Assodata la necessità, non soltanto ornamentale, di far incidere sul freddo
marmo le motivazioni che hanno portato all'augusto blasone appena ricevuto, si
è sviluppato subitaneamente un acceso dibattito relativo alle parole, per così
dire, più acconce, da immortalare sull'ampio lastrone.
A
beneficio dei lettori dobbiamo spiegare che l'inserimento di Militello nella
cosiddetta World Heritage List era stata una delle più
sfibranti battaglie che dal 1997 aveva visto impegnato l'assessore alla
Cultura della Giunta uscente (già uscita), il quale,
praticamente da solo, ribaltando l'atroce destino donchisciottesco che
sembrava caratterizzare i suoi sforzi, riusciva ad abbattere i mulini dietro i
quali si paravano alcuni grossi centri del Val di Noto, riuscendo a fare
accettare il nostro Comune nell'arengo dei siti meritevoli dell'attenzione
dell'ONU.
Precedentemente
all'esposizione della lapide, i soliti bene informati dell'opposizione (ché,
come si sa, c'è sempre una opposizione, per cui la destra, secondo contratto,
deve sempre contestare quello che fa la sinistra, e la sinistra, grazie allo
stesso contratto, deve sempre contestare quello che fa la destra) hanno
cominciato a bofonchiare, prima sommessamente poi con maggiore veemenza, sul
lessico e sui contenuti più adeguati che stavano per essere scolpiti sul rigido
lenzuolo di marmo.
Insomma,
il cadaverico contenuto a molti appariva indigesto e non in linea con certe
correnti di pensiero, che oggi si definirebbero politicamente corrette. Ciò
nonostante, come sempre è accaduto, la forza di governo (di quale colore
politico essa si ammanti non ci interessa) è andata diritta per la sua strada.
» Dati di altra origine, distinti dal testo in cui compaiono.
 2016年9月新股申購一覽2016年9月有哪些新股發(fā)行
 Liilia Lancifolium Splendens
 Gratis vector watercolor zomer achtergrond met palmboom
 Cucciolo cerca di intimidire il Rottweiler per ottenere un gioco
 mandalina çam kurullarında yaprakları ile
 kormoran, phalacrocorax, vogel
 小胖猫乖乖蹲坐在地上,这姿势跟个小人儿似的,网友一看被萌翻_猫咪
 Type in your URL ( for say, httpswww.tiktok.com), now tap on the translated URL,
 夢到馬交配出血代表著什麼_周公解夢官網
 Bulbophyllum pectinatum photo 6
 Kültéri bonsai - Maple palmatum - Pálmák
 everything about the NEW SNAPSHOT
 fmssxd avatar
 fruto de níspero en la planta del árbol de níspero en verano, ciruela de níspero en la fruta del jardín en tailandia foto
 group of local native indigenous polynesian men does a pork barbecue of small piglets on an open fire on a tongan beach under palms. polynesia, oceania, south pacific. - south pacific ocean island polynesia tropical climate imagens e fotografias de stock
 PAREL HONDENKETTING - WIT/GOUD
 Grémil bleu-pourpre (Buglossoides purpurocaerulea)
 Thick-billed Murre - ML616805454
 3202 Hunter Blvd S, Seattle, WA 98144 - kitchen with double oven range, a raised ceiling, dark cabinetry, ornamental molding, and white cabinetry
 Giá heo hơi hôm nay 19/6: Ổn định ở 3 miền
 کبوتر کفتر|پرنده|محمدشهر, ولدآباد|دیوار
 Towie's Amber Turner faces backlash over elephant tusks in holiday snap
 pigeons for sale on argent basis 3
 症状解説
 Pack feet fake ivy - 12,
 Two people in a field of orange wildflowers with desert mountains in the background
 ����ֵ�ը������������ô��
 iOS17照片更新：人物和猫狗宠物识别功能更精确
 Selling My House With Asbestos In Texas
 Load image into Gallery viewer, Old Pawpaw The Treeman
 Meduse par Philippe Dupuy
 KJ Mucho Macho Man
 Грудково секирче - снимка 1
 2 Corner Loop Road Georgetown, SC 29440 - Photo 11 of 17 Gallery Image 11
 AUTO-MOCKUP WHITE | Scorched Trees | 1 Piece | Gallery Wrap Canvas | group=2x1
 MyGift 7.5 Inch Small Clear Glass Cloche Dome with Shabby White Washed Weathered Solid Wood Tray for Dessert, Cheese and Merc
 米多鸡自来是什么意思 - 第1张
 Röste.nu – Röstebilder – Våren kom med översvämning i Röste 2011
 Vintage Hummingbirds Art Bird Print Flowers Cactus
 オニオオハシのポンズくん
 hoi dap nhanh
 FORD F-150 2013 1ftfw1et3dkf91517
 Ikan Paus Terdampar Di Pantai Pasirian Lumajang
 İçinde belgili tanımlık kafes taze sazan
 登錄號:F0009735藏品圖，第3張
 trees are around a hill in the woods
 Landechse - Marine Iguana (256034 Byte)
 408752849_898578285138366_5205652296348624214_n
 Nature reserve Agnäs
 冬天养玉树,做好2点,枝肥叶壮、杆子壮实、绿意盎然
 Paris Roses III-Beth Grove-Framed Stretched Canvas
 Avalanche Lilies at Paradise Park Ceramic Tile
In pompa magna ha proceduto ad installare e quindi a svelare l'artistico
manufatto, che da sabato 31 Gennaio si offre ai cittadini in tutto il suo terreo
pallore.
Tutti
si chiederanno a questo punto quali sono i termini del contendere, che cosa ha
scatenato le ire e le proteste dei contestatori. Analizziamo il testo, che
qui si ripropone nella sua interezza:
LE
OTTO CITTA' DELLA SICILIA SUD-ORIENTALE
CALTAGIRONE,
CATANIA,
MILITELLO
NEL VAL DI CATANIA, MODICA,
NOTO,
PALAZZOLO ACREIDE, RAGUSA E SCICLI
SONO
STATE RICOSTRUITE
DOPO
IL TERREMOTO DEL 1693
NELLO
STESSO LUOGO
O
NELLE VICINANZE DEI SITI DISTRUTTI.
ESSE
RAPPRESENTANO UN'IMPORTANTE INIZIATIVA
COLLETTIVA,
PORTATA A TERMINE OTTENENDO UN
LODEVOLE
LIVELLO, ARTISTICO ED ARCHITETTONICO.
COMPLETAMENTE
CONFORMI ALLO STILE DELL'EPOCA,
LE
CITTA' HANNO APPORTATO
DELLE
INTERESSANTI INNOVAZIONI NEL CAMPO
DELL'URBANISTICA
E DELL'ARCHITETTURA.
DATA 31-01-2004
VITTORIO
MUSUMECI - SINDACO
Prima
considerazione: da quando in qua
Militello non è più in, ma soltanto nel? Qualcuno, particolarmente
ferrato in grammatica, potrebbe obiettare che sempre di una preposizione si
tratta, ma la sua puntualizzazione avrebbe pochi ascoltatori entusiasti.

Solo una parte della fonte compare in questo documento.